By BRIAN LOWE
North America Editor
EVEN before the dust had settled on a successful World Cup, there was a lot of chatter around the global rugby league community about the need to expand the game internationally.
We need to strike while the iron’s hot. We’ve got to make sure the Pacific island countries play their own Four Nations style competition and we have to hatch plans to bring the game to the United States. And it all has to be done now to build on the momentum of RLWC2017.
Folks all over the place have been opining that it’s essential for the game’s success internationally for America to be part of the mix.
Right away a proposal was put out there for England and New Zealand to play a game stateside this June. Denver was proposed as a likely venue, although it beats me why you’d pick the Mile High city when New York or Los Angeles would be no-brainers. There are direct flights to either place from just about anywhere in the world, Denver not so much. Just sayin’.

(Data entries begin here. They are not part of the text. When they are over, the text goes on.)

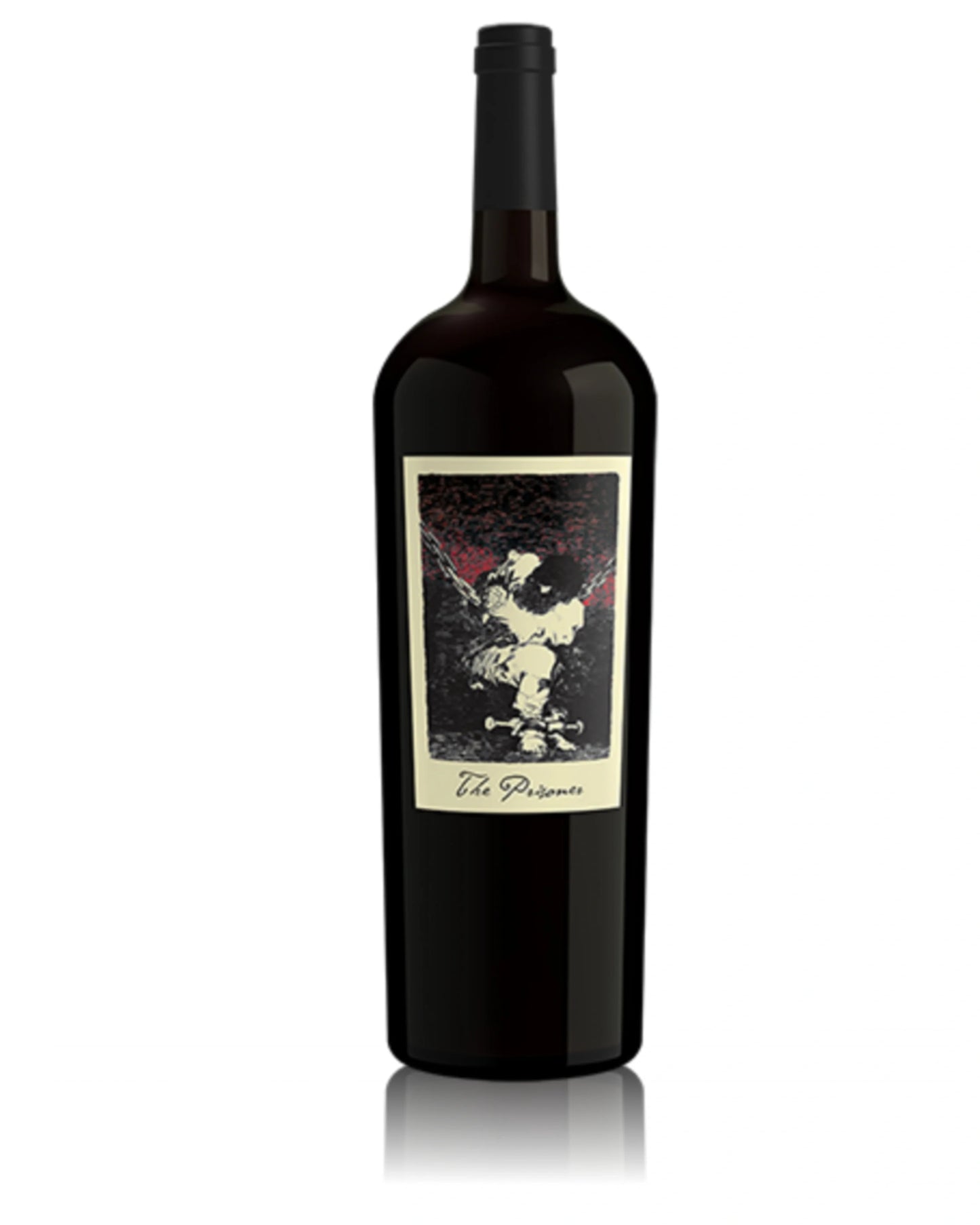 The Prisoner Red Blend 750ml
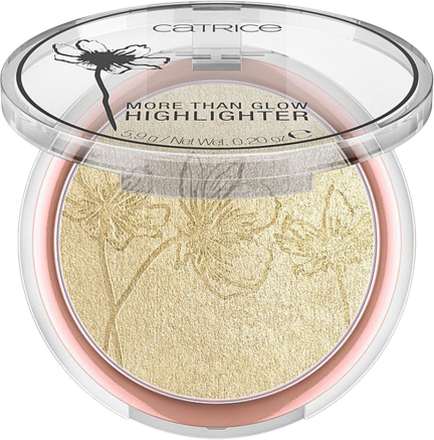 Catrice More Than Glow Highlighter 010 Ultimate Platinum Glaze - 5,9 g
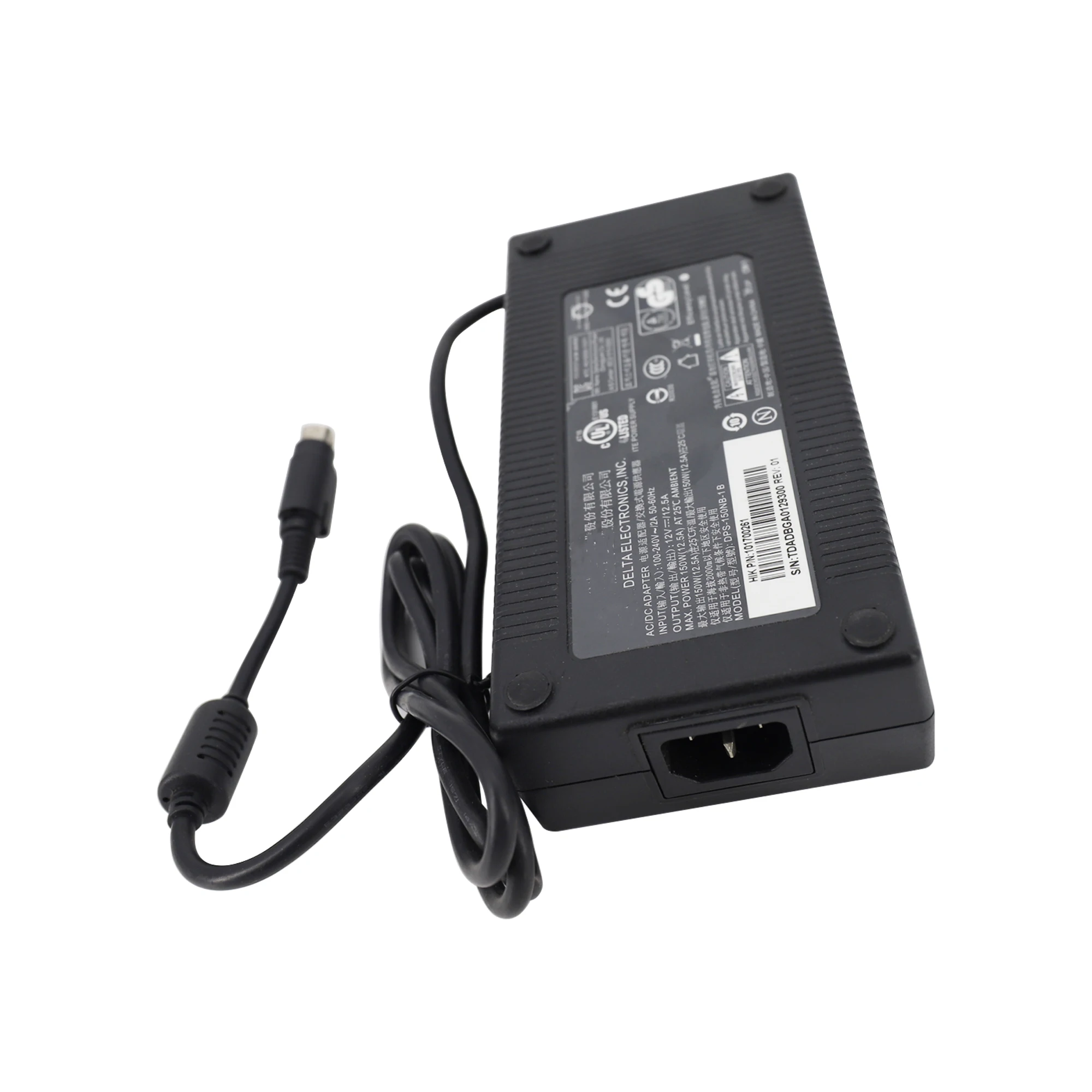 

12V 12.5A 150W FSP AC Power Supply Charger Adapter For QNAP TS-412 NAS TS-410 DPS-150NB-1B FSP150-AHAN1 Laptop Adapter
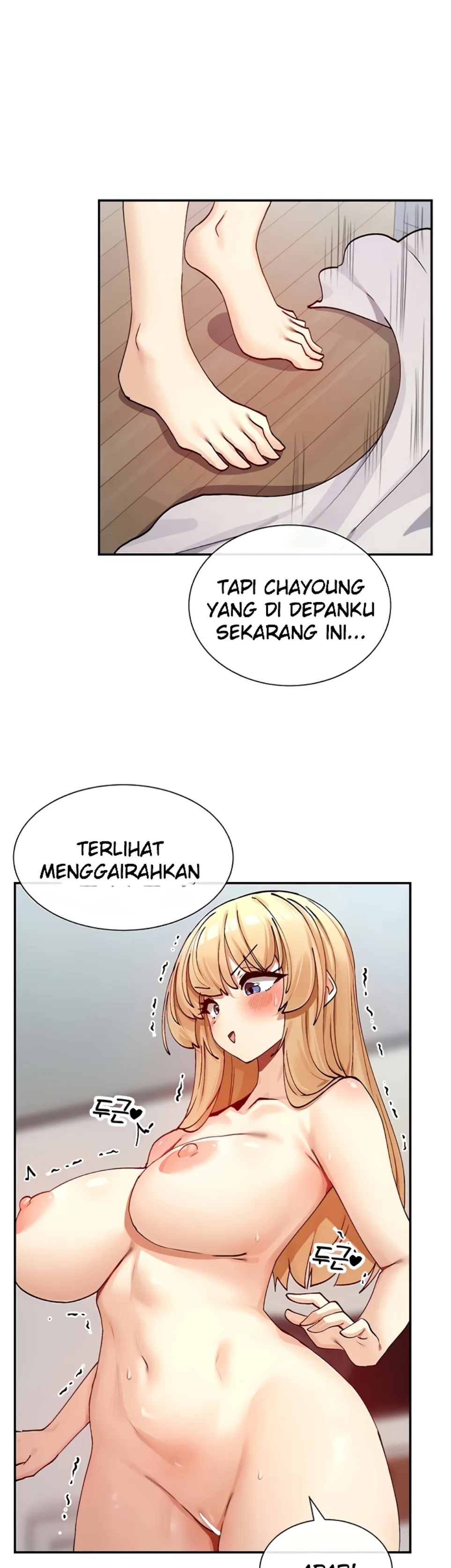 Anda Suka Nonton Bokep ? Chapter 18 page 33
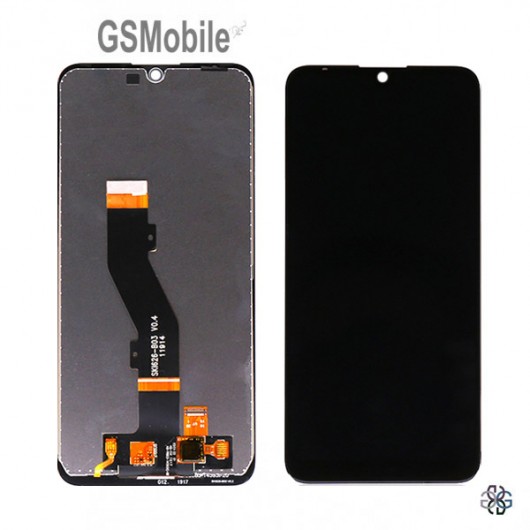 Display for Nokia 3.2 Black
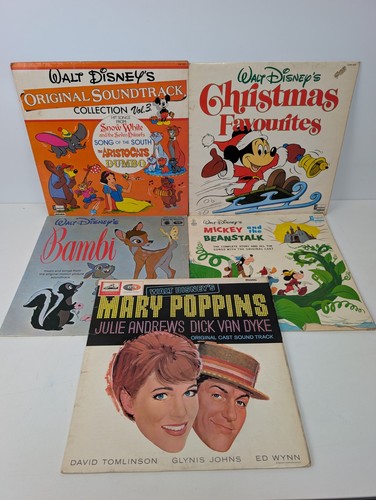 Vintage selection disney - vintage,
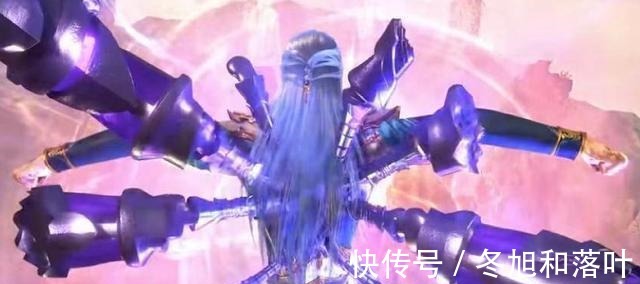 宁荣荣|斗罗大陆爱你的人永远在你身边,不管变成啥样,始终不离不弃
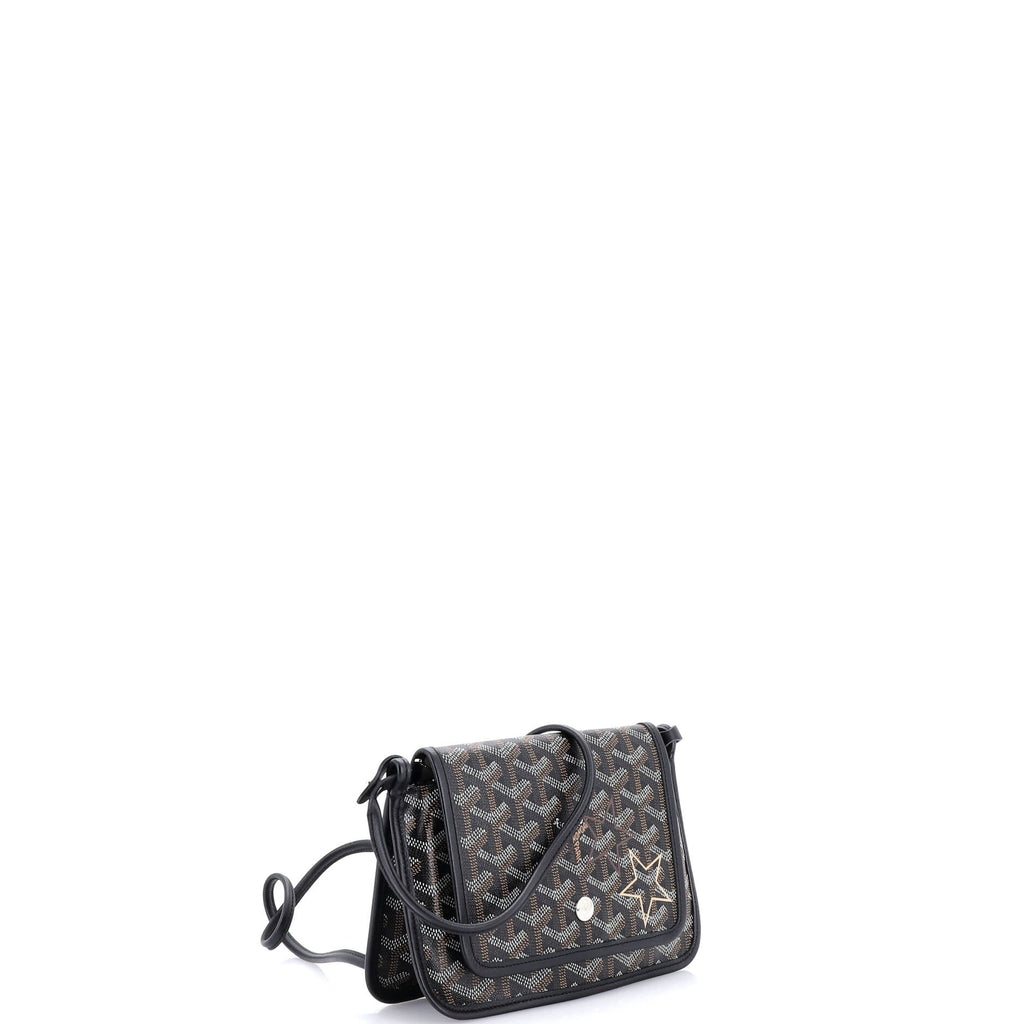 Plumet Clutch Wallet Printed Coated Canvas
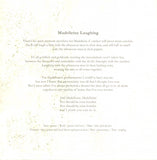 So Much Staying Alive And Lovelessness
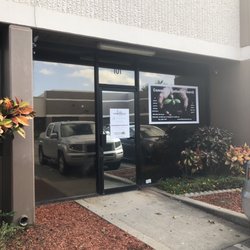 Island Family Chiropractic - The office is located in back of Target. It's inside a church.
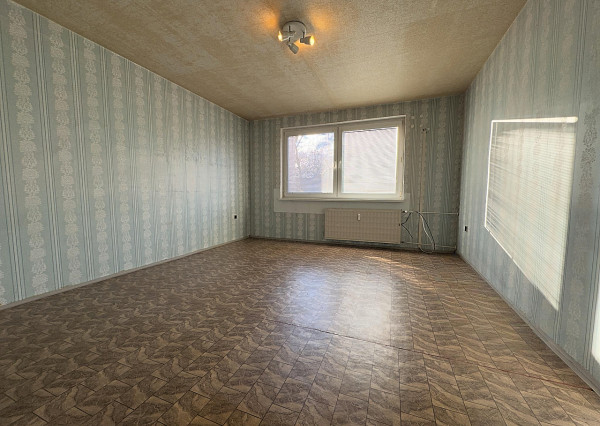 Byt, v ktorom má priestor svoj rytmus a bývanie pokojný zmysel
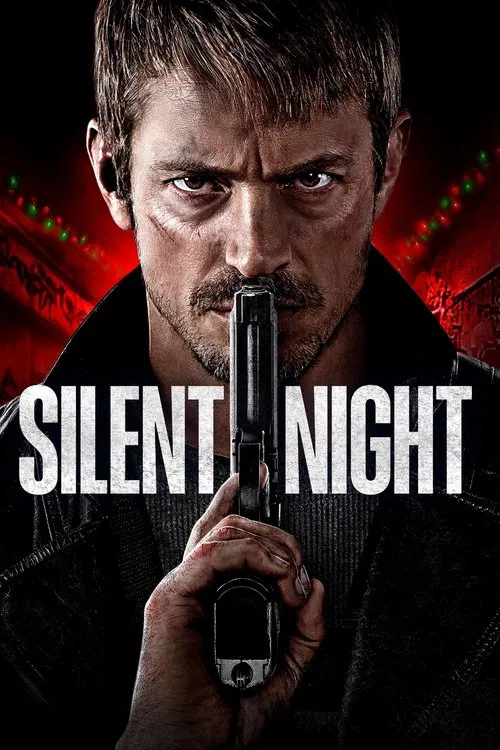 پوستر Silent Night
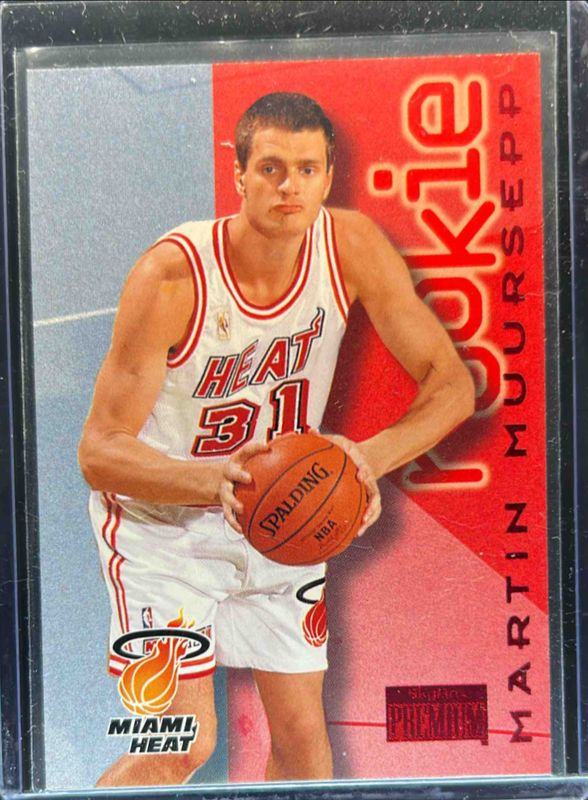 1996 Skybox Premium #226 Star Rubies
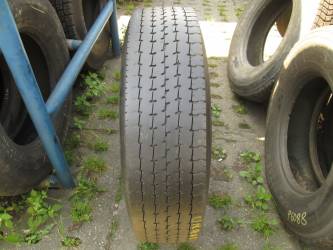 Opona używana 295/80R22.5 Bridgestone BIEZNIKOWANA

Sydney-based sports event management company Moore Sports International reportedly came up with the idea but when I asked president and CEO Jason Moore for more detail he said he is “not making any comments at the moment.”
That was before Christmas and the game is still not confirmed, however, according to the RFL we should have a decision one way or the other by the end of January. Guess we’ll see.
During the World Cup, word also spread of a plan for a New York City-based team to enter the English Championship in 2019 a la the Toronto Wolfpack. And since then, we’ve heard murmurs of yet more potential teams popping up in Philadelphia, Boston and the Canadian city of Hamilton.
Now don’t get me wrong, I’m not against the notion of bringing professional rugby league to the US and Canada. In fact, I’m all for it. But you’ll have to excuse me because I’m just not buying into all the hype.
As the Farmers Insurance TV ad goes, “I know a thing or two because I’ve seen a thing or two.”
What I mean by that is, I have been covering league and union in this country since 1998 and have seen similar concepts in the past, all of which have come and gone. Admittedly, they have all been rugby union plans, but that’s no surprise given that code has a way bigger footprint and a much longer history here.
They talked about setting up city-based leagues that never happened. Then it was a professional club competition that lasted all of one season before going belly-up and this year they’re about to embark on a seven-team Major League Rugby comp modelled on soccer’s MLS.
American rugby union has also been hosting the world’s leading international sides for years with the likes of Australia, South Africa and Ireland all touring. Plus, there are Autumn Tests that the US men’s national team regularly plays in Europe. And you know what? It has done didly squat in helping the game become anything other than a fringe sport in this country.
So, the point is we’ve heard it all before. The one big difference is there hasn’t been a Rugby World Cup in the USA.
As we know, the RLIF has earmarked RLWC2025 to be co-hosted by the United States and Canada, and assuming they stick with that plan, one would expect that they will get serious about bringing the international game to these shores to build interest over the next seven years.
Well, it’s in their financial interests to do so isn’t it?
One major thing the RLIF and others need to be aware of is where union has dropped the ball. Those guys haven’t been able to get much traction on television, which in turn means there is next to no return on investment (ROI) for potential backers.
Perhaps it’s because union is an inferior TV product, which I happen to think it is, but without being on TV, as well as electronic devices, where sponsors can advertise to millions of eyeballs, it will always be an uphill battle.
If rugby league can get it right, there’s no reason why the England versus New Zealand game can’t go ahead this year. And if it does, and if it’s a success, it will hopefully lead to more and I’m all for that.